Los Estados Unidos dominan el arte de transformar carne contaminada y podrida en algo "comestible" usando químicos pesados. El famoso pollo clorado – sumergido en agua con cloro o ácidos para matar bacterias como salmonella – es resultado de crianza intensiva donde los animales viven cubiertos de heces. En Europa esto está prohibido desde hace décadas por ser considerado asqueroso y señal de higiene precaria, pero en EE. UU. es práctica estándar, disfrazando la suciedad en lugar de prevenirla.

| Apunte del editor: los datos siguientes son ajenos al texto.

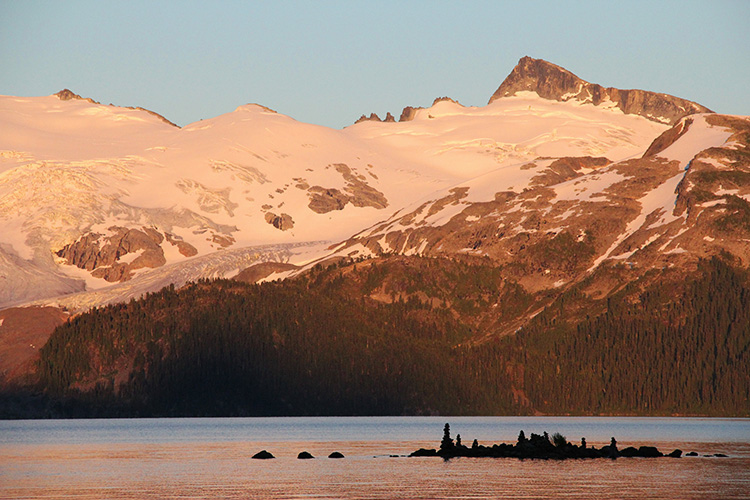 Alepnglow at Garibaldi Lake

En la carne de res, el destaque va para la "pink slime": una pasta rosa hecha de sobras grasosas y recortes altamente contaminados, tratadas con gas amoníaco para eliminar bacterias fecales. Esta mezcla se añade a la hamburguesa común sin necesidad de declaración en la etiqueta. Recalls constantes por E. coli, listeria y salmonella muestran que el sistema falla con frecuencia, pero el enfoque permanece en la ganancia, no en la seguridad.
Todo esto proviene de las granjas-fábrica (CAFOs), que producen 99% de la carne americana: animales amontonados, enfermos, llenos de antibióticos, generando océanos de estiércol tóxico que apestan y contaminan todo a su alrededor. Es barato, sí, pero el precio real se paga con salud y dignidad. Mientras el mundo se ríe de la carne americana lavada en excremento con cloro, el consumidor sigue tragando esta podredumbre disfrazada – porque la conveniencia y el precio bajo valen más que la calidad.